West Indies 93 for 3 (Russell 35*, Mustafizur 2-18) beat Bangladesh 143 for 9 (Mahmudullah 35, Williams 4-28) by seven wickets (by DLS method)
Andre Russell's fitness was a matter of concern coming into the T20I series. He was already going through a hamstring niggle. Adding to that were fresh concerns over the condition of his knees. Russell had missed two ODIs last week, but upon coming back, in his favourite format, he roared into form with a match-winning, unbeaten 21-ball 35 in a stiff chase of 91 in 11 overs.
West Indies, who had slipped to 10 for 2 by the second over in a revised chase - Bangladesh had made 143 for 8 before rain came down - waltzed home with 11 balls to spare as a result. After the match, a "bit worried" Russell, who was promoted to No. 3, said that while he wasn't yet 100% fit, he was "happy enough to be playing at probably 95%."
If Russell's knock proved to be the topping, Kesrick Williams' four-for set it up, after Carlos Brathwaite had elected to bowl. The medium pacer varied his lengths and pace on a surface with bounce and carry to finish with a career-best 4 for 28. The wicket of Mushfiqur Rahim was particularly significant, as it came after Bangladesh had launched a swift counter-attack to offset scoreboard pressure at 43 for 4 in the sixth over.
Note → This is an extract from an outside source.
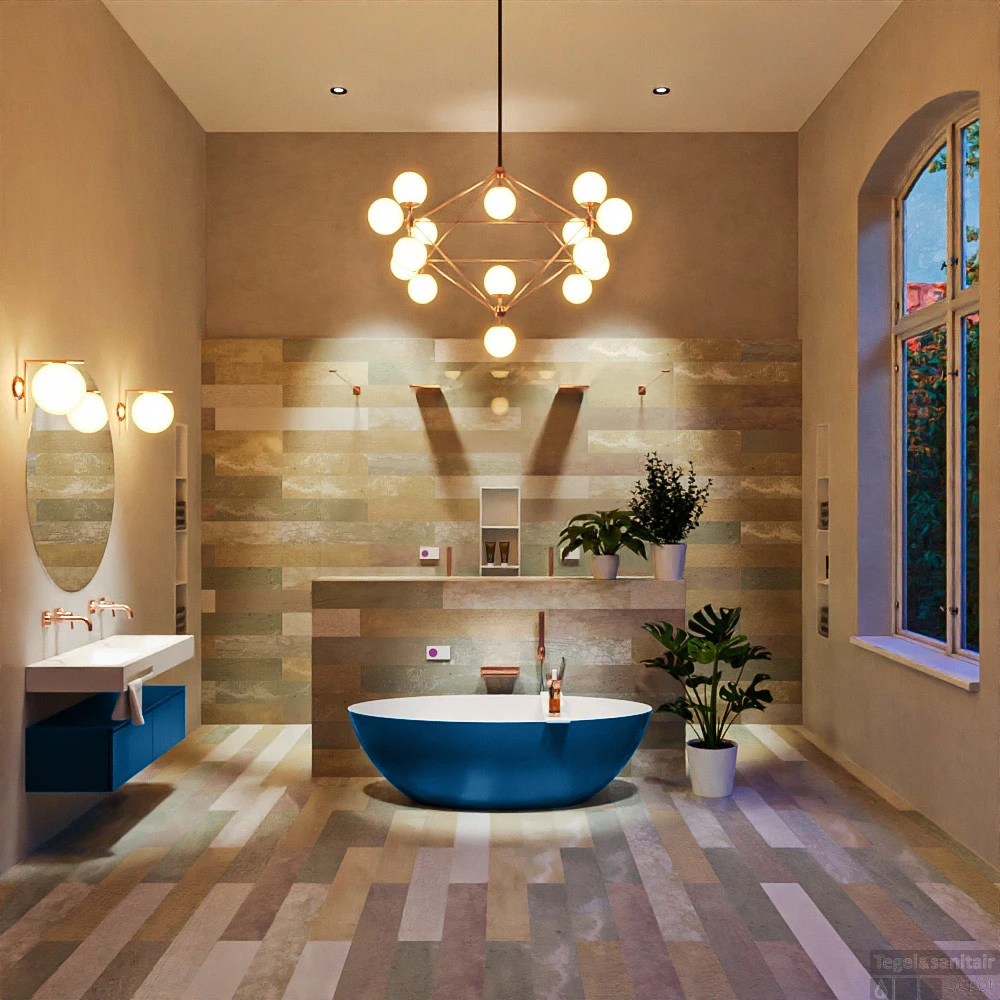 FLOAT Vrijstaand Bad 170x80cm Kleur Jeans / Talc 2 FLOAT Vrijstaand Bad 170x80cm Kleur Jeans / Talc - Afbeelding 2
The wicket, though, was superbly set up by Brathwaite, who moved third man square, anticipating Mushfiqur's ramp over the infield. While he managed to find the boundary on one such attempt, a repeat off the next delivery resulted in his downfall in the 10th over. Thereafter, Bangladesh were reliant entirely on Mahmudullah to bail them out, and while he made a sprightly 27-ball 35, lack of support from the others did Bangladesh in.
The stutter began right at the outset, with the wickets of Tamim Iqbal and Soumya Sarkar in the very first over, off Ashley Nurse. Tamim, who was coming into the match having made two centuries in the three-match ODI series, charged down recklessly to be stumped off the first ball, while Soumya was bowled playing back to fullish quicker delivery that skid through to beat the outside edge. This would be Nurse's only over, which Brathwaite later put down to "tactics."
Bangladesh could have so easily been 7 for 3 had Marlon Samuels not shelled a straightforward catch at cover to reprieve Shakib off Russell. This , however, hardly deterred Shakib and Liton Das, who were unafraid to continue playing adventurously. This spell brought Bangladesh 38 runs off 28 balls, before Keemo Paul's raw pace accounted for the pair off successive deliveries in the sixth over.
Liton mistimed a pull to the agile Andre Fletcher at deep square, and Shakib was out to a brilliant catch - yes, that man Kesrick - at third man. Leaping high to catch the ball, Kesrick tossed it back up as the momentum took him over the ropes at third man, and retained composure to catch the ball back once inside the field of play.
This period was followed by a quick 47-run stand between Mushfiqur and Mahmudullah, who fed off Samuel Badree's inconsistency by clouting him for two fours and a six in an 18-run over. This was to be the only passage where Bangladesh showed any signs of batting domination on the night.
Play was then halted by the weather for close to 80 minutes, and when it resumed, West Indies were set 91 off 11 overs, as opposed to their original target of 144 in 20. Mustafizur Rahman pulled things Bangladesh's way immediately by removing Ewin Lewis and Fletcher in a double-wicket maiden second over. But before Bangladesh could even let that sink in, they had to content with Russell's power.
Promoted to No. 3, Russell added 42 with the returning Marlon Samuels, who made an enterprising 13-ball 26 before falling in the sixth over. This hardly affected Russell, as he took on Mustafizur by mowing his slower length ball for six over midwicket and then following it with three fours in an expensive seventh over that went for 18 runs. This wholeheartedly turned the game in West Indies' favour, and they sealed it with Rovman Powell's clean strike over long-on in the 10th.